TASK REQUIREMENTS.
What you copy should be the lines from the one with "Шкаф высокий 800х400х1955, 4-х" through the end of the entries, word for word. Omit the pictures.
[SOURCE MATERIAL Boundary: Start]
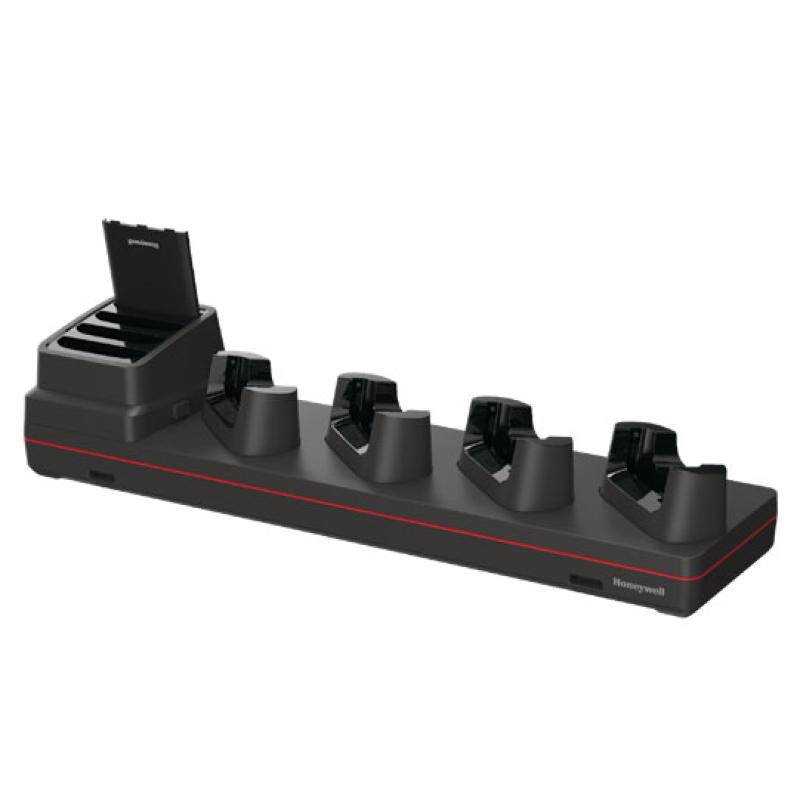 Honeywell CT37 5-Fach Ladestation, l&auml;dt bis zu 4 Ger&auml;te und 4 Akkus, (mit Schutzh&uuml;lle)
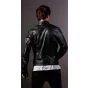 Leather Shirt Jacket Black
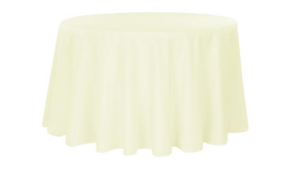 132" Tablecloth - Ivory rental Phoenix, AZ
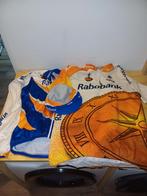 Vintage retro rabobank wieler tenue shirt pet jack maat m 90, Ophalen of Verzenden, Gebruikt, Overige typen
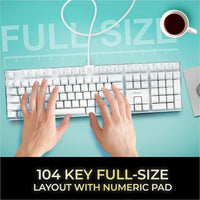 Adesso AKB-680UW Multi-OS Illuminated Mechanical Keyboard - 104 Keys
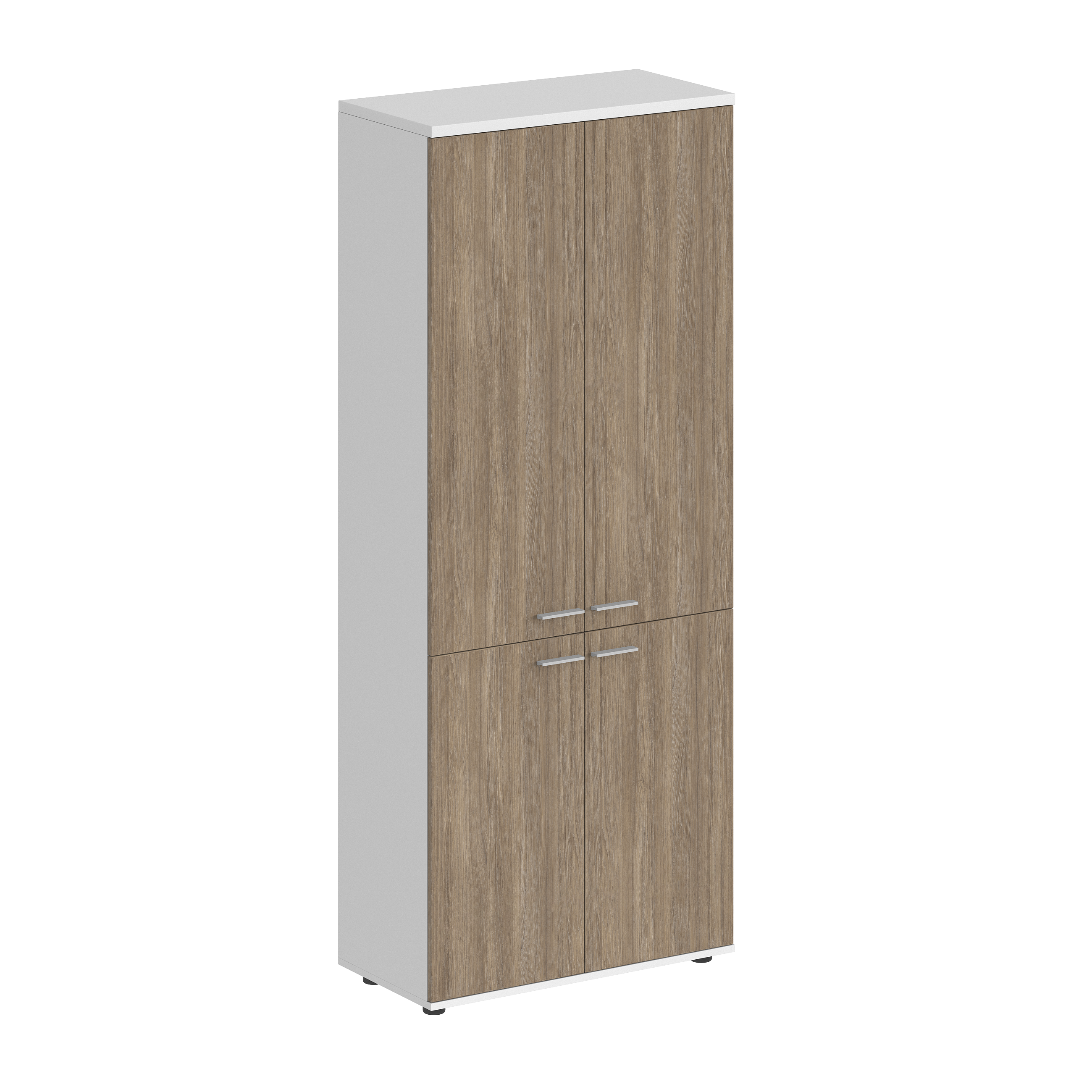 Шкаф высокий 800х400х1955, 4-х дв, з.ст ЛДСП SG.811.WH.OD.OD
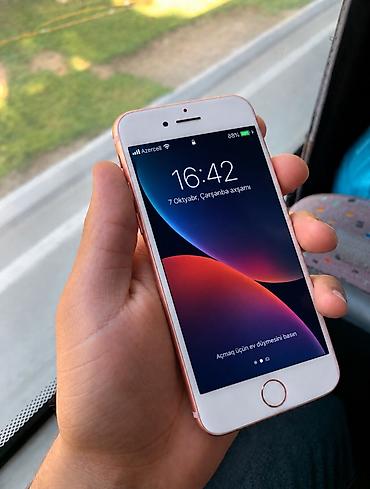 iphone 12 teze: IPhone 7, 32 GB, Rose Gold, Barmaq izi — 1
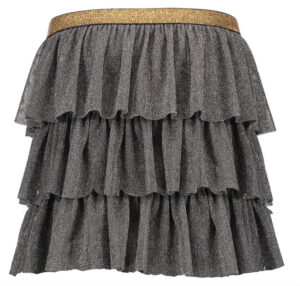 Like Flo mesh melee ruffle skirt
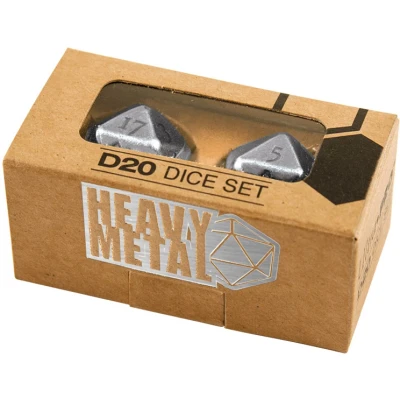 Afbeelding van Dice Set D20 Heavy Metal: Chrome (2 stuks)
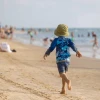 People enjoy the beach in Bat Yam in central Israel, July 25, 2025. Photo by Dor Pazuelo/Flash90.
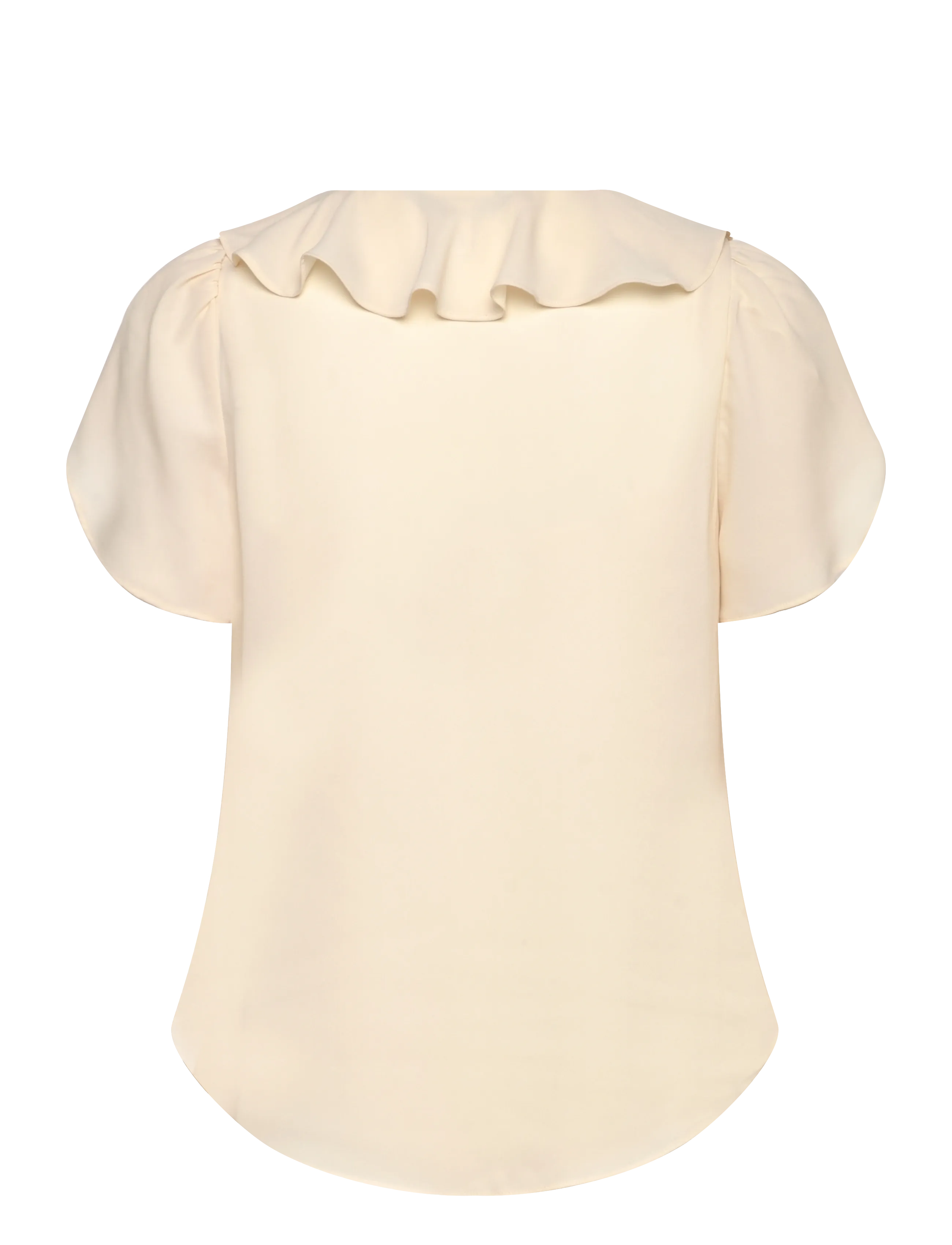 Lauren Ralph Lauren - Ruffle-Trim Georgette Blouse - mascarpone cream - 1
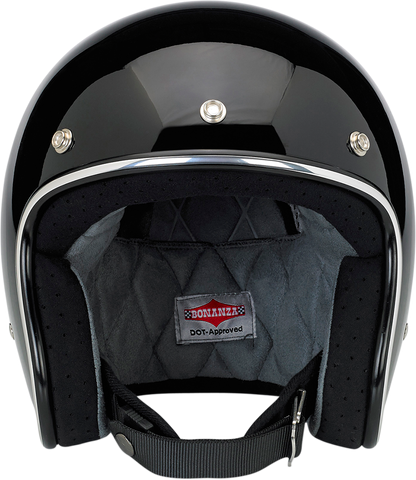 BILTWELL Bonanza Helmet - Gloss Black - 2XL 1001-101-206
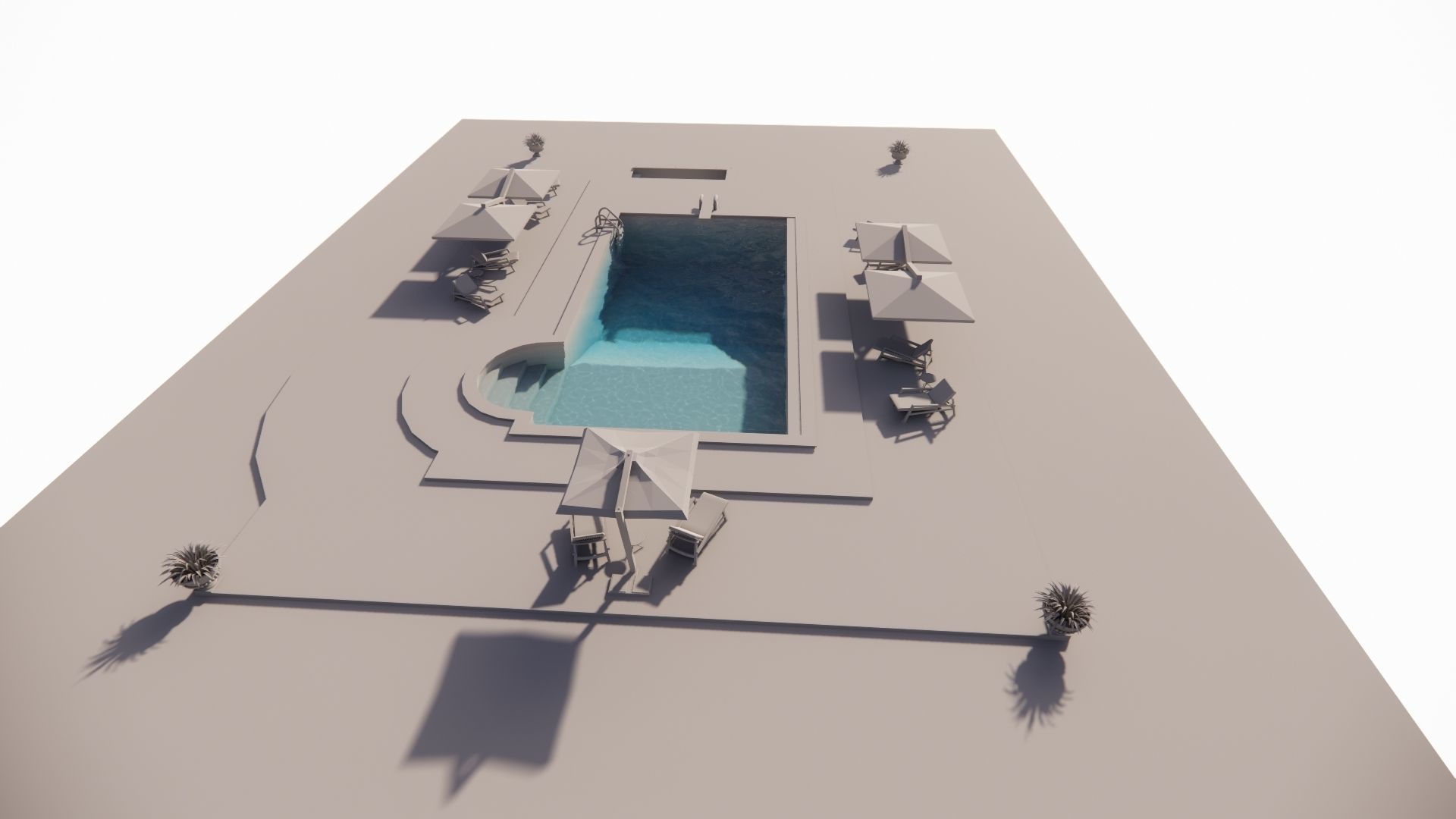 Swimming pool 3D model_15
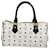 MCM Visetos logogramme Leather Bianco  - vista 2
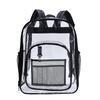 Transparent Waterproof Double Shoulder PVC Backpack - Large Capacity Student and Travel Bag for Kids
[SOURCE MATERIAL Boundary: End]
SOLUTION TO THE PROBLEM.
 Шкаф высокий 800х400х1955, 4-х дв, з.ст ЛДСП SG.811.WH.OD.OD
 iphone 12 teze: IPhone 7, 32 GB, Rose Gold, Barmaq izi — 1
 Like Flo mesh melee ruffle skirt
 Afbeelding van Dice Set D20 Heavy Metal: Chrome (2 stuks)
 People enjoy the beach in Bat Yam in central Israel, July 25, 2025. Photo by Dor Pazuelo/Flash90.
 Lauren Ralph Lauren - Ruffle-Trim Georgette Blouse - mascarpone cream - 1
 BILTWELL Bonanza Helmet - Gloss Black - 2XL 1001-101-206
 Swimming pool 3D model_15
 MCM Visetos logogramme Leather Bianco  - vista 2
 Transparent Waterproof Double Shoulder PVC Backpack - Large Capacity Student and Travel Bag for Kids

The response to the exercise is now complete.